Prototyping tools need to be quicker than production tools so you can change things around, be flexible and experiment quickly and easily with ease.

The idea behind prototyping in the browser is so that you can do the mockup quickly, and as Meagan illustrated, make tweaks to that design on the fly. At this stage, it isn’t about making every browser look exactly the same. That’s where the real time sink is in the front end development process. Making it work in a standards compliant CSS3 capable browser doesn’t take long at all in the grand scheme of things.

We know that all the CSS3 bells and whistles available in modern browsers won’t be available to older ones. But, as Andy explained yesterday by Andy Clarke, not every browser will display it in the exact same manner, allowing the client to become accustomed to how it looks in their favorite browser whatever that may be. If they want to see all the bells and whistles, they either see it on your machine, or add a browser to their machine that allows the full design niceties to be displayed.

If the client and you are in a room together reviewing a design mocked up in the browser — let’s say Firefox — as they make their design tweak requests, you can often show them the transformation in a matter of moments using a tool like Firebug or Web Developer Toolbar to apply it instantly. Copying those changes into the permanent stylesheet is practically a no-brainer.
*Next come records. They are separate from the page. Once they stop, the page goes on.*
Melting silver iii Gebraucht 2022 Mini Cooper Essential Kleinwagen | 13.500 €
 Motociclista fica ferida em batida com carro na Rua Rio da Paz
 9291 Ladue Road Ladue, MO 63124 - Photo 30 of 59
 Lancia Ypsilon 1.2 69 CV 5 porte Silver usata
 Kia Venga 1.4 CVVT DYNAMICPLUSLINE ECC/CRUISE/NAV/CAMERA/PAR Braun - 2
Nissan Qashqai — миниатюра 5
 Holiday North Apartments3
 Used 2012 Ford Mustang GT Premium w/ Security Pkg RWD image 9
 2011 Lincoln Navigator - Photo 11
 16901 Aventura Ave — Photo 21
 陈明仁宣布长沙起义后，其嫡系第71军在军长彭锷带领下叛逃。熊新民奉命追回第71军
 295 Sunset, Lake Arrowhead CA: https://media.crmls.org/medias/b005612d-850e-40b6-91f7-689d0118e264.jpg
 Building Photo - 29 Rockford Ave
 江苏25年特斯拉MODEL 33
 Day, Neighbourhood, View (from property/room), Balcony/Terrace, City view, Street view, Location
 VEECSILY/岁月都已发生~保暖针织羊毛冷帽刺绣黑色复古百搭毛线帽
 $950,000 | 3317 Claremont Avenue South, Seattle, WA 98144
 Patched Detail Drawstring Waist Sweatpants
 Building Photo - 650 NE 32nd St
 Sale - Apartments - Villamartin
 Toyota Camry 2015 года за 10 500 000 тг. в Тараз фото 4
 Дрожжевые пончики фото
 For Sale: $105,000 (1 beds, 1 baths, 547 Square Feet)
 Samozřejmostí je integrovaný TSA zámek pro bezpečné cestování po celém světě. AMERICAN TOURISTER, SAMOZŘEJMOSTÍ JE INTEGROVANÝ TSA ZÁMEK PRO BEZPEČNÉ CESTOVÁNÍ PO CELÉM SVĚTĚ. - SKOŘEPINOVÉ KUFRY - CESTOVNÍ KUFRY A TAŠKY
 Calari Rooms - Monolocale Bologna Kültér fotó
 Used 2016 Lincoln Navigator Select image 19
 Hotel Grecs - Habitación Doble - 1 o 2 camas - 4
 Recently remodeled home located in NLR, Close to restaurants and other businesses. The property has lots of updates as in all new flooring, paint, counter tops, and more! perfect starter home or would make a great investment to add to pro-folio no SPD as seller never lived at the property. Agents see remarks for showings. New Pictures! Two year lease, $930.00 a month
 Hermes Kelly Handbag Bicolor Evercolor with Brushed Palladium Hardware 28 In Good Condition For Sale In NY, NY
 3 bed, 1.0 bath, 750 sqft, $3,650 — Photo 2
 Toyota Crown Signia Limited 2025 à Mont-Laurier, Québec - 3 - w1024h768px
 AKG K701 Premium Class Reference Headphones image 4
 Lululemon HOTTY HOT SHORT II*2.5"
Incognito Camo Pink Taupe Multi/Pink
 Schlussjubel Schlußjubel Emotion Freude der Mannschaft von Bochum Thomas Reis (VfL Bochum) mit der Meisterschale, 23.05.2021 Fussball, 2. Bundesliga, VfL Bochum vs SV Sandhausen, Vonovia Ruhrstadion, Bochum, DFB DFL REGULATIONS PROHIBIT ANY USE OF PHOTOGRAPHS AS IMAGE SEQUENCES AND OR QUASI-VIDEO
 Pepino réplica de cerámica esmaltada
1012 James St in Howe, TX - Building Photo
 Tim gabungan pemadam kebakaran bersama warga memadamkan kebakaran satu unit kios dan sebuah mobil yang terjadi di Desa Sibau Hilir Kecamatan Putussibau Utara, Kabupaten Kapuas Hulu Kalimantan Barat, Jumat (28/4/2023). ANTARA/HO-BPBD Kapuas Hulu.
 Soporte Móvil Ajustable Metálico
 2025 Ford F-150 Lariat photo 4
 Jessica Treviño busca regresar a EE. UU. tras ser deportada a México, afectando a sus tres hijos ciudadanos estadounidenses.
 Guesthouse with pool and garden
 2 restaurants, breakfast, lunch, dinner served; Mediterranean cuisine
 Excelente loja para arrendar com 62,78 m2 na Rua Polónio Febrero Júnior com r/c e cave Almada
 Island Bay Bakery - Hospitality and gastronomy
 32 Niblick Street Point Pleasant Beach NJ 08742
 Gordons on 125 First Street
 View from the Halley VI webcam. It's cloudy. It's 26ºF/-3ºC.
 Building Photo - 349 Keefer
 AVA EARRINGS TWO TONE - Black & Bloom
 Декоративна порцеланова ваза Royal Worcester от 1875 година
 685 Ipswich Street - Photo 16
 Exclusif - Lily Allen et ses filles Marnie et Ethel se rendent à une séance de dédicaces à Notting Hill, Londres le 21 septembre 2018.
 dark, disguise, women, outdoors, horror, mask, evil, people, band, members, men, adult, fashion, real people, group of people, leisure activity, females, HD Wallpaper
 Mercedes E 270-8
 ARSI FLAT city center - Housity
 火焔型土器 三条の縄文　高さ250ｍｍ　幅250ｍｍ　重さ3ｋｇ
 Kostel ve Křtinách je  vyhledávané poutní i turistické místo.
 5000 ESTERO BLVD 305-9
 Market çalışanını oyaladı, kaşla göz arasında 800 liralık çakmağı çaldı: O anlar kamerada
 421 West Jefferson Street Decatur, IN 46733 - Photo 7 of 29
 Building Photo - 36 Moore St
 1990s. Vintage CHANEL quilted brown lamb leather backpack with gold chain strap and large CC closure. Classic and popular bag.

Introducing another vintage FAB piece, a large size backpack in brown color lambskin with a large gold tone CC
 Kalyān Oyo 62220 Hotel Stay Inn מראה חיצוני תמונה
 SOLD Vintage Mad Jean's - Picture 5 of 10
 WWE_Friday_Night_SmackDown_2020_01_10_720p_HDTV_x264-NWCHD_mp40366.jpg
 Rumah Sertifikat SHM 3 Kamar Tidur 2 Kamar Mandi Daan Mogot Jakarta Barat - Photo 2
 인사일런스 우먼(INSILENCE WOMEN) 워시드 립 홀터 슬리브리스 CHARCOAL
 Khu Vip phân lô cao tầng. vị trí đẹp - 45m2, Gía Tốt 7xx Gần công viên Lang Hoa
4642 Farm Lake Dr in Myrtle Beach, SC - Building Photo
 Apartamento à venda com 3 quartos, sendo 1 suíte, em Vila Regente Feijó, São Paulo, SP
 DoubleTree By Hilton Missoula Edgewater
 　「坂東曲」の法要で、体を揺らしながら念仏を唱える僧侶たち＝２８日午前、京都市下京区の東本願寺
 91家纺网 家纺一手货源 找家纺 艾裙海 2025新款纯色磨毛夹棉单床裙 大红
Depending on the page design, it is even possible to show them entirely different layouts, or even apply different stylesheets for that “more than one version of a comp” happy client.

For the life of me, I cannot imagine why you would think that mocking up in the browser is more time consuming than mocking up in Photoshop. I’m not against using Photoshop. That’s not my point. I’m just trying to explain that the browser does not slow down the process in any real way.

If I really had to make 2 or 3 comps to show a client for a design in Photoshop, I could just as easily (if not more easily) do it in the browser. Do the markup once. Apply 2 or 3 different style sheets for different look and feel, as needed.